DIXON, Mont. - This release was sent out by Public Information Officers Bob MacGregor and Arlee Staley.

A continued moist weather pattern limited fire behavior on the Seepay Fire on Thursday.  Fire growth was less than 10 acres.  A light rain blanketed the fire area until approximately 11:00 a.m.  

When clearing skies in the afternoon started to allow fuels to heat up a line of thunderstorms blew through and wetted them down again.  Thursday's thunderstorms did not pack the high winds that accelerated fire behavior on Wednesday.  Fire managers used the decreased fire growth potential to look for direct line construction opportunities.

Crews, from as far away as Minnesota and including elite Hot-shots, are implementing a confine and contain strategy to maintain firefighter safety while protecting values at risk.  Helicopter crews were briefed on how to protect the rare population of Westslope cutthroat trout that occupy the Seepay watershed during their water dropping operations.  

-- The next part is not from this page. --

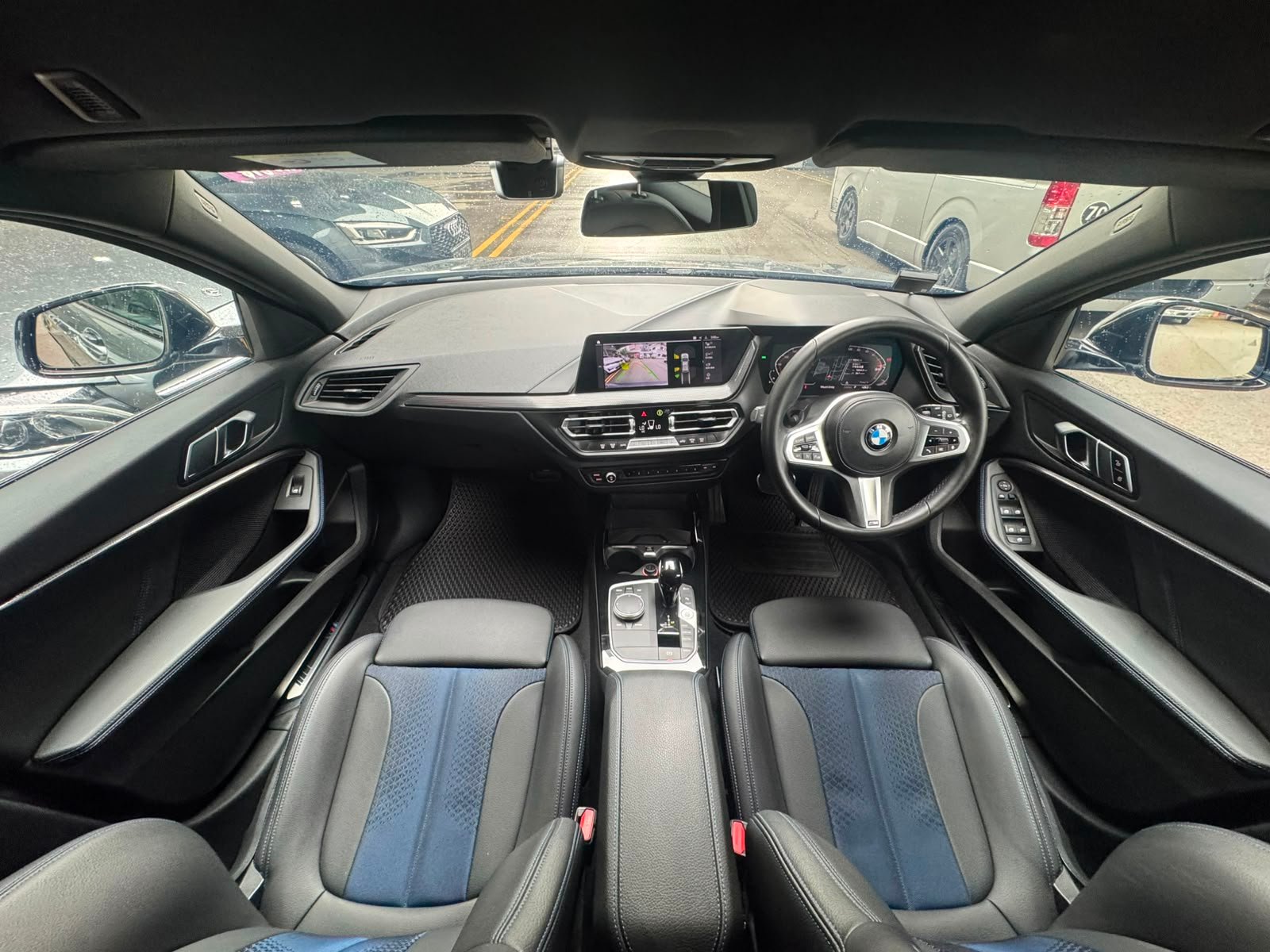 BMW 116i M Sport photo 6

Confederated Salish and Kootenai Tribal Resource Advisor Ira Matt talked to fire personnel about the numerous cultural and religious sites that occur throughout the Flathead River Valley and in the fire area and methods to mitigate disturbance during fire suppression activities.  

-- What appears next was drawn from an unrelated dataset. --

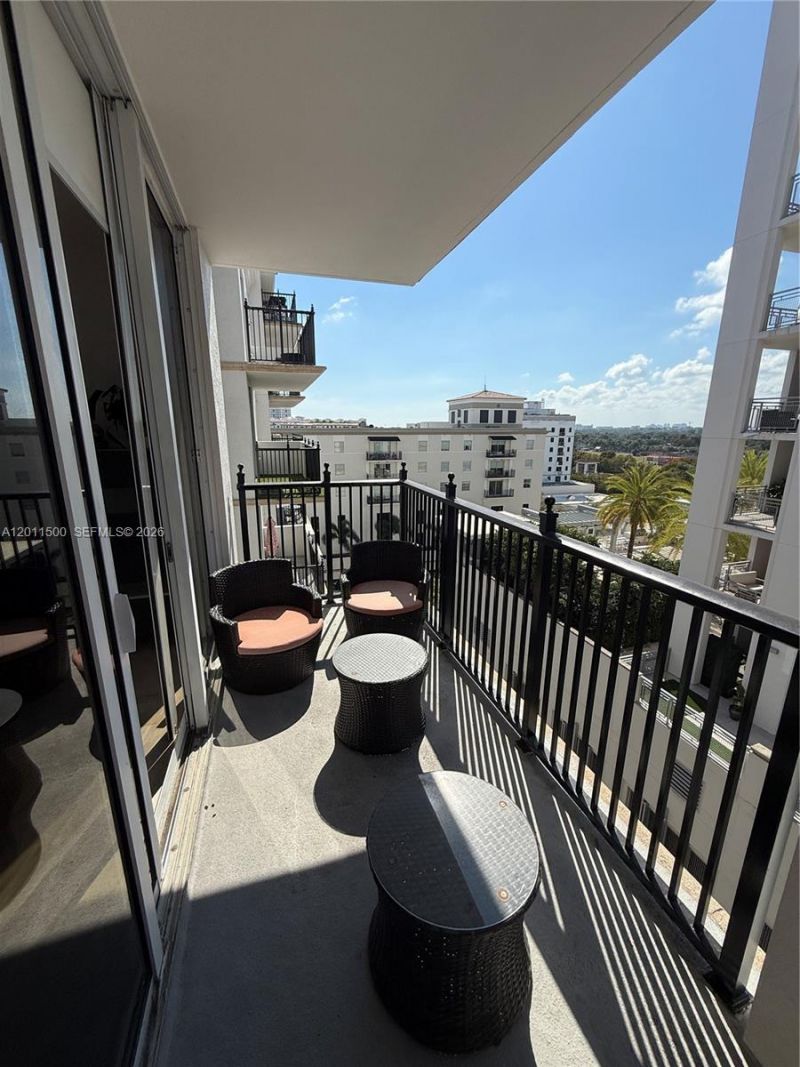 4100 Salzedo St, Unit 811, Coral Gables, FL 33146 Photo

Firefighters were also warned about the dangers posed by wildlife including rattlesnakes, hobo spiders, human-habituated bears, cougars and a nearby wolf-pack.  Incident objectives remain primarily to protect firefighter and public safety and additionally to contain the fire within the Seepay-Magpie Roadless Area.  
Today's weather forecast calls for continued thundershowers throughout the day with a 60% chance of wetting rain.  Temperatures are unlikely to exceed 70 degrees and relative humidity will be in the high fifty percent range.  This type of weather has not historically promoted fire growth so firefighters will take the opportunity to look for more aggressive direct line construction opportunities and the chance to catch spots in problematic areas.  

The unpredictability of thunderstorms will continue to keep firefighters aware of dangers from lightning strikes and falling snags.  This weather pattern will continue into Saturday before a short warming and drying trend is forecast to begin.